WORK INSTRUCTION
Using the material below, repeat exactly the lines from the one with "Tactical black knife" through the one with "RXD4947 Texas License Plate", ends included, without any images.

RECORD EXTRACTS
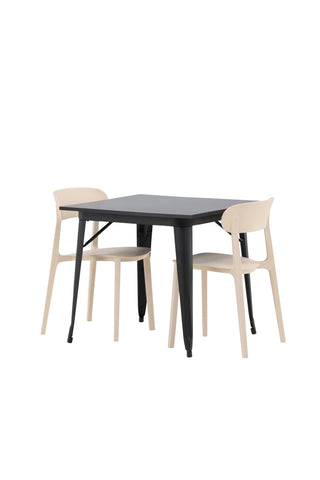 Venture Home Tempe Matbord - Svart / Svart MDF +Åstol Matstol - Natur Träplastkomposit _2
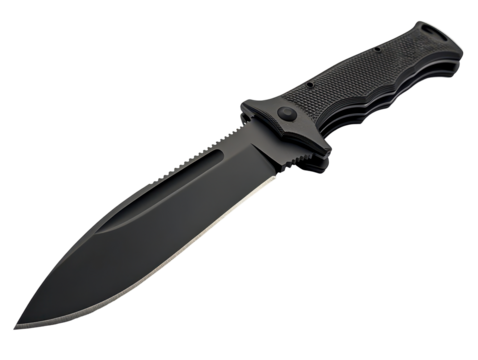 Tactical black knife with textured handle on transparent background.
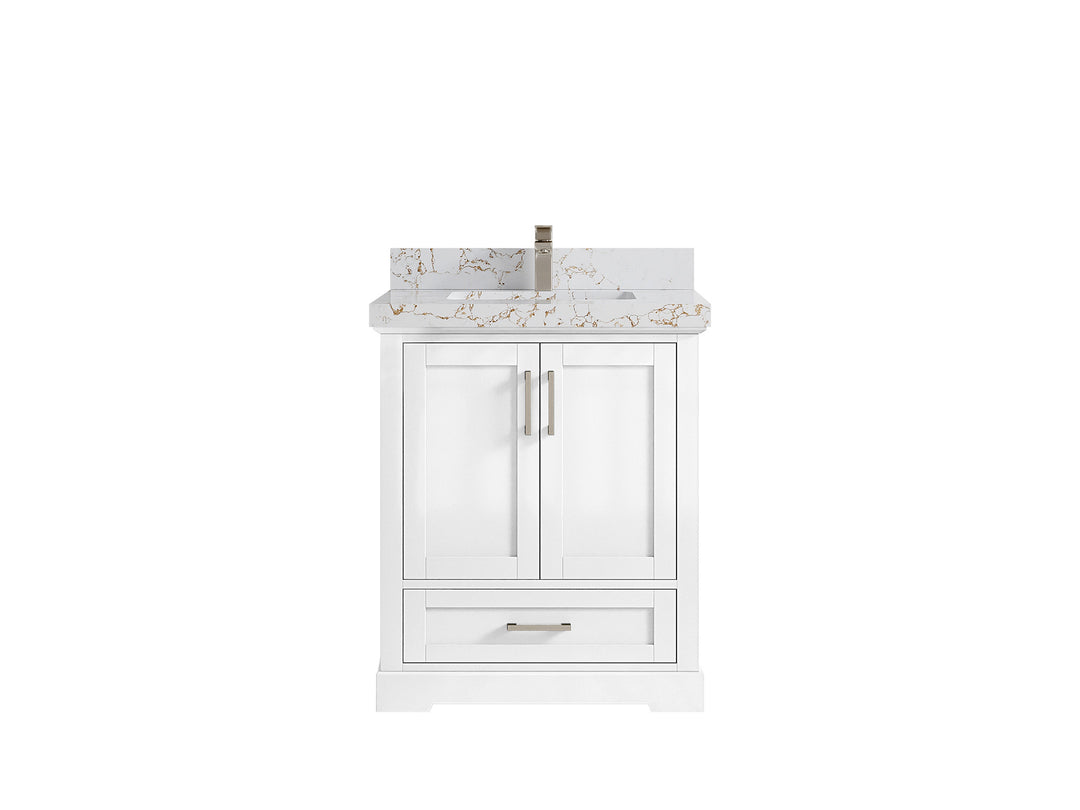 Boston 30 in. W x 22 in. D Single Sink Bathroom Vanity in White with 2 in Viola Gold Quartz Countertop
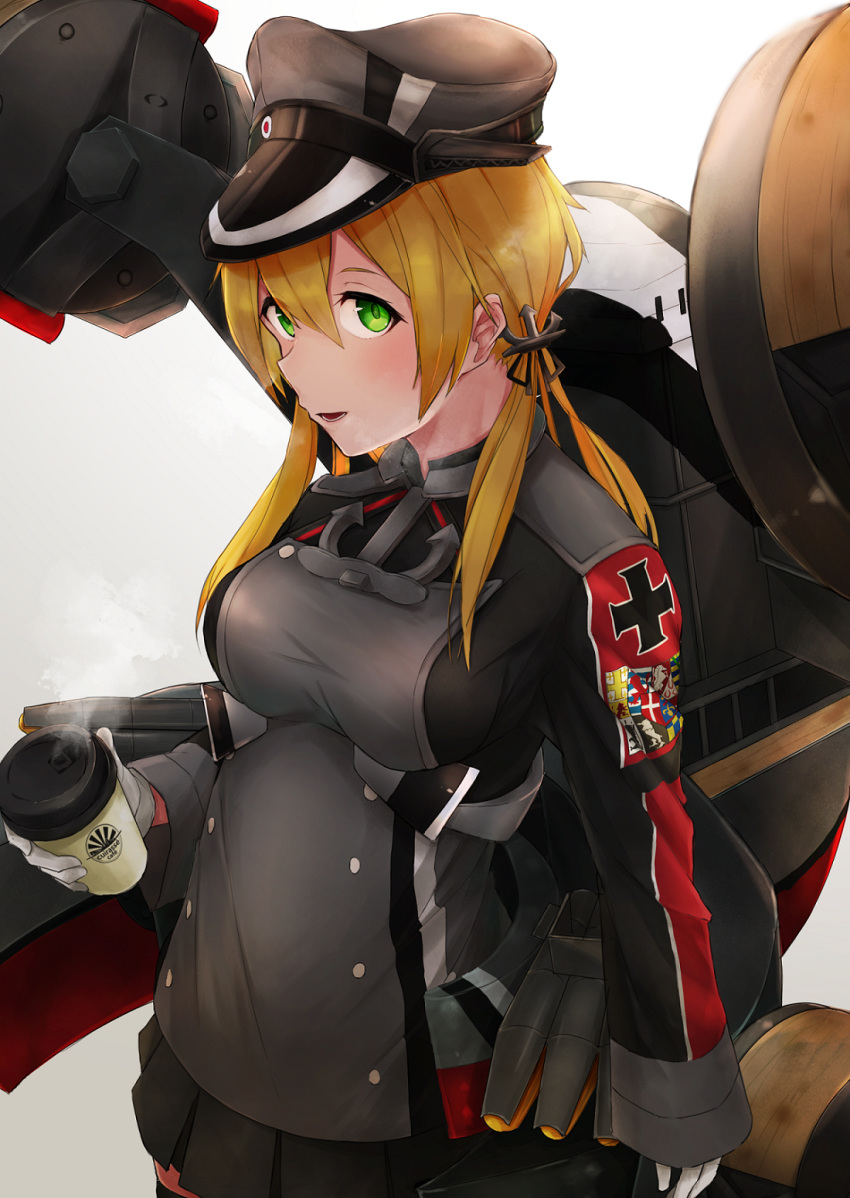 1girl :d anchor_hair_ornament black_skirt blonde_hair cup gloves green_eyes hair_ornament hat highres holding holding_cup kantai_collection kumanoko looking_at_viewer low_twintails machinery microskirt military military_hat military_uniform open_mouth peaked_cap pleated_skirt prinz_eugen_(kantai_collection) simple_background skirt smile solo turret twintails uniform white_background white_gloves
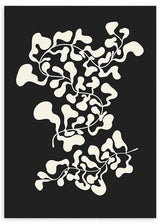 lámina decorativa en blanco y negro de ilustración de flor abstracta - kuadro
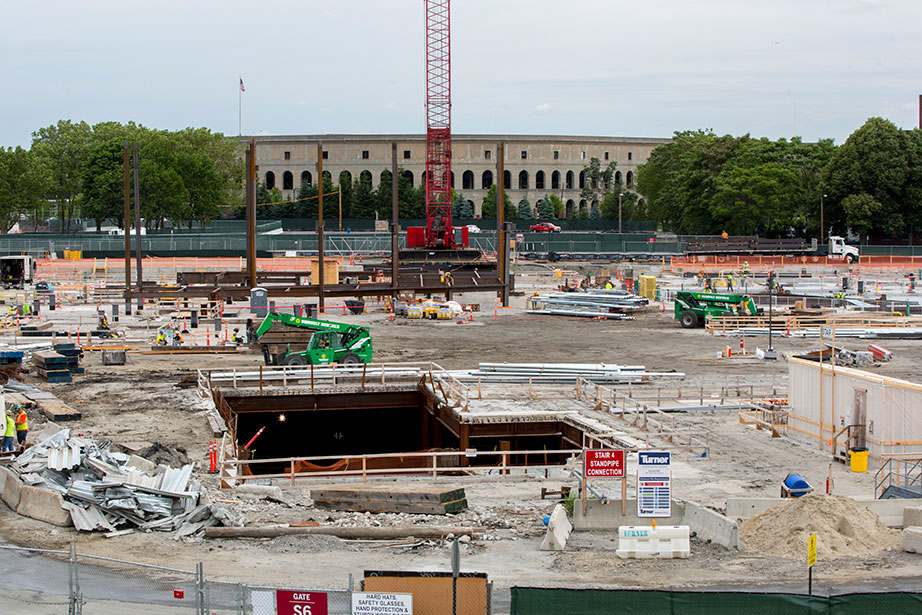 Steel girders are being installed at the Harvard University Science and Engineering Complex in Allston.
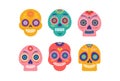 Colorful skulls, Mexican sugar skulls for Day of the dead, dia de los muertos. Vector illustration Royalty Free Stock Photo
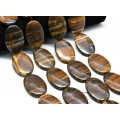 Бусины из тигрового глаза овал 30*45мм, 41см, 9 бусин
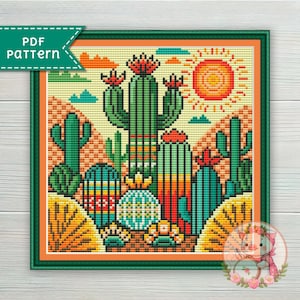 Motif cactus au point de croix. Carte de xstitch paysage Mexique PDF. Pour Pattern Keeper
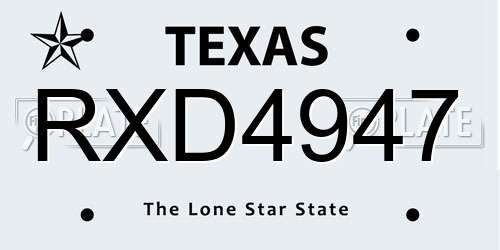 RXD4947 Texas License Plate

---

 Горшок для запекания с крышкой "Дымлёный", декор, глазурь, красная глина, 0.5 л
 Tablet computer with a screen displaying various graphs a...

==

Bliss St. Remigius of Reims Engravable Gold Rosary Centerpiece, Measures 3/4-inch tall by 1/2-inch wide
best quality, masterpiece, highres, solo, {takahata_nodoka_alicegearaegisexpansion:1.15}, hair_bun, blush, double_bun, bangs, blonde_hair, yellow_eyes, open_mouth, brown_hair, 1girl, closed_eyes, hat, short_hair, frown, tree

RESULT OF THE TASK
 Tactical black knife with textured handle on transparent background.
 Boston 30 in. W x 22 in. D Single Sink Bathroom Vanity in White with 2 in Viola Gold Quartz Countertop
 1girl :d anchor_hair_ornament black_skirt blonde_hair cup gloves green_eyes hair_ornament hat highres holding holding_cup kantai_collection kumanoko looking_at_viewer low_twintails machinery microskirt military military_hat military_uniform open_mouth peaked_cap pleated_skirt prinz_eugen_(kantai_collection) simple_background skirt smile solo turret twintails uniform white_background white_gloves
 lámina decorativa en blanco y negro de ilustración de flor abstracta - kuadro
 Steel girders are being installed at the Harvard University Science and Engineering Complex in Allston.
 Colorful skulls, Mexican sugar skulls for Day of the dead, dia de los muertos. Vector illustration Royalty Free Stock Photo
 Бусины из тигрового глаза овал 30*45мм, 41см, 9 бусин
 Motif cactus au point de croix. Carte de xstitch paysage Mexique PDF. Pour Pattern Keeper
 RXD4947 Texas License Plate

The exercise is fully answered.